Dr. Bengoa has built endogenous growth models to predict how foreign investment and innovation leads to domestic economic growth. She additionally employs regression analysis, other sophisticated statistical methodologies – econometrics techniques – to help paint a more finely detailed picture of empirical economic reality.
“If I want to evaluate the effects of a particular policy, on a given outcome for that particular policy, we chose methodologies that allow us to isolate the most important confounding variables that are affecting the treatments and the outcomes to try to estimate the causal effect from the treatment to the outcome.” To establish evidence of cause and effect, Dr. Bengoa says, “we can use Difference-in-Difference approaches, we can use Martin approaches; those are really the ones that I use.”
Recently, she has focused on studying internal migration issues in China. Citizens are moving from rural areas to urban ones, en masse, and they are not performing so well. The exodus has involved the relocation of an unprecedented 260 million people thus far. “The largest flow of migration in the world is happening in China,” she says.
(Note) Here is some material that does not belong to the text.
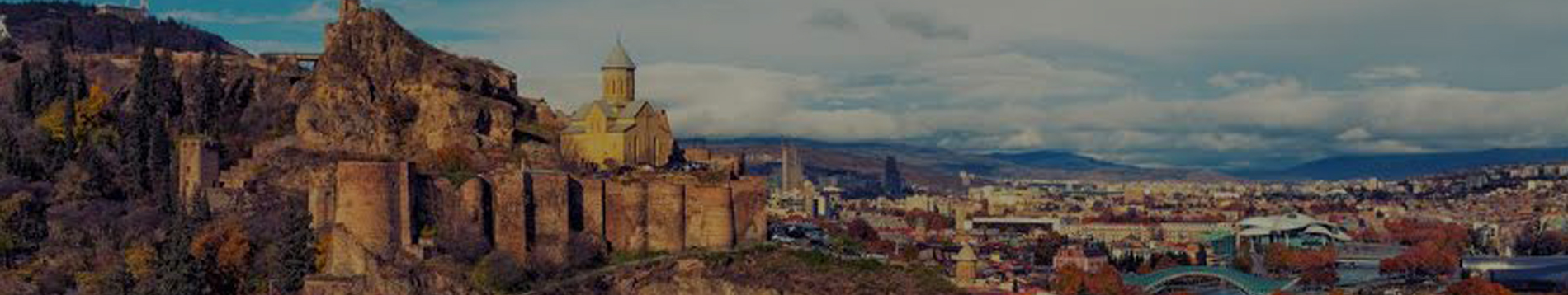 home-banner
“The Chinese government signed a policy called “Hukou,” in which Chinese citizens gets a passport, depending on where they are born (rural vs. urban), that restricts mobility to other regions.” It was instituted as a tool to control migration, however, based on the data, it does not seem to be effective in this regard. The policy also drives health disparities because it precludes migrants from accessing necessary public resources.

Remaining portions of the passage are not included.